District 8 Commissioner Tim Boyd argued that "the optics looked bad," and the commission should not vote on this issue without giving potential opponents of the program a forum. The resolution ultimately failed with four in favor, three abstentions and two commissioners leaving before the vote was cast.
Without the proposed "cover" of the resolution, Coppinger continued to hedge on the issue, saying he was hesitant to sign on until he had a better understanding of the legal and fiscal impact of participating in the program.
"There's a lot of misinformation as it relates to what refugees would be coming here. Again, they're fully vetted and they've been coming to our country for decades and wouldn't it make more sense to have them come here [through the program] with federal dollars attached?" Coppinger said. "I just want to make sure I'm not doing anything to put an extra burden on the taxpayers."
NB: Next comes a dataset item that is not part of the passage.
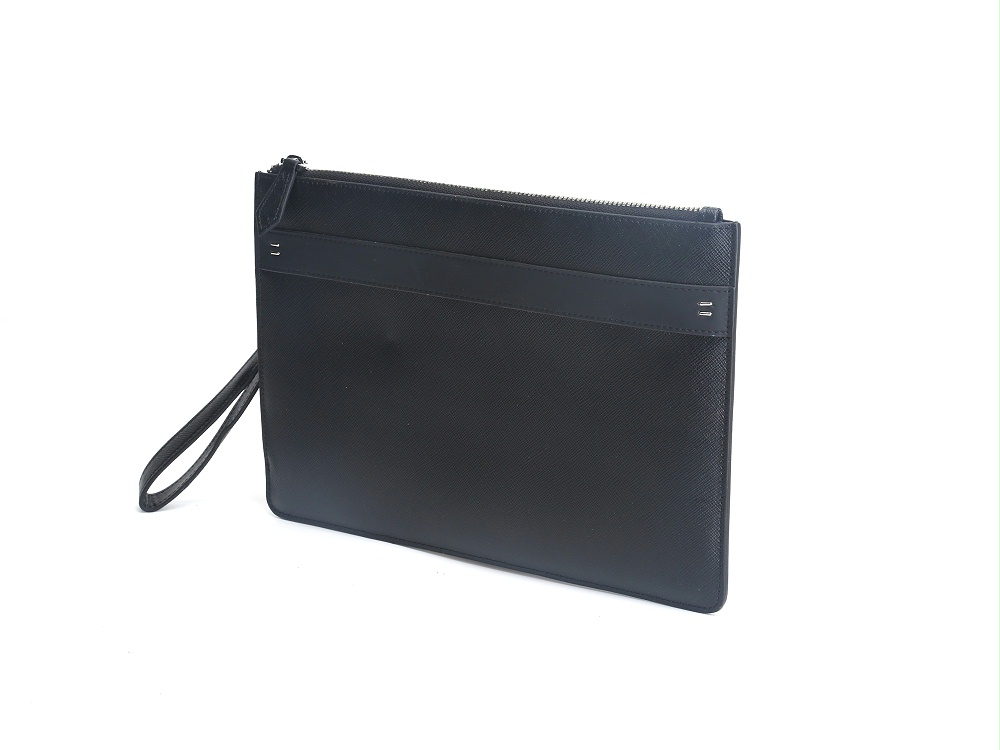 男士钱包(77) 男士钱包(77)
Coppinger would not comment on whether he expected to make a decision before the deadline at the time of the meeting. Upon learning of the judge's temporary block of the executive order later Wednesday afternoon, the mayor said he will now also have to learn more about the implications of the judge's decision before he makes any movement on the county level.
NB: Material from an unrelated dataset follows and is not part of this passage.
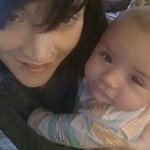 Robin Summerfield Bursell - @robinbursell - Instagram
State and local leaders torn
One Tennessee legislative critic of Lee's decision, Rep. Bruce Griffey, R-Paris, has already filed legislation he hopes will block that.
House Speaker Cameron Sexton, R-Crossville, told reporters Wednesday "it seems like there's going to be various attempts at different types of legislation around that issue. I think that's one. We're looking at the language of that. I think legal has a couple of questions ... they'd like to have addressed on that one."
He said one of the issues involves state and local costs, which he said legislative analysts in 2012 were unable to pin down because they lacked adequate information.
Tennessee Republican lawmakers later voted to sue the federal government over the Obama-era refugee resettlement program and entered into an agreement with outside lawyers to handle their case after the state attorney general refused to sue.
After being dealt setbacks before the U.S. 6th Circuit Court of Appeals, attorneys from the conservative Thomas More Legal Center have petitioned the U.S. Supreme Court to take up the case.
Sexton said while proponents say the refugees are carefully vetted, Sexton said "I'm not going to dismiss the security [issue]. We're going to have to talk to the congressional delegation to give us how well they think it is. But even with the best vetting process you can't always be sure that none of the bad guys are getting into this process."
In late December, a tweet briefly posted on the Hamilton County Republican Party's Twitter feed criticized both Lee and Chattanooga Mayor Berke for supporting continued participation in the resettlement program.
"Gov. Bill Lee and Mayor Burke are all WRONG on #refugee resettlement into area," the tweet, which was reported by the conservative Tennessee Star website, said. "See demise of cities like Deerborn, MI, Minneapolis, MN and others w/no ASSIMILATION, citizens forced out #badpolicy #blockit #backdooramnesty Help refugees in home territory!"
The post was quickly removed. Times Free Press efforts to reach Hamilton County GOP Chairwoman Marsha Yessick last month were unsuccessful.
But a local Republican familiar with the issue was told no official action on the refugee resettlement issue was ever taken by the local GOP's executive committee on the refugee issue.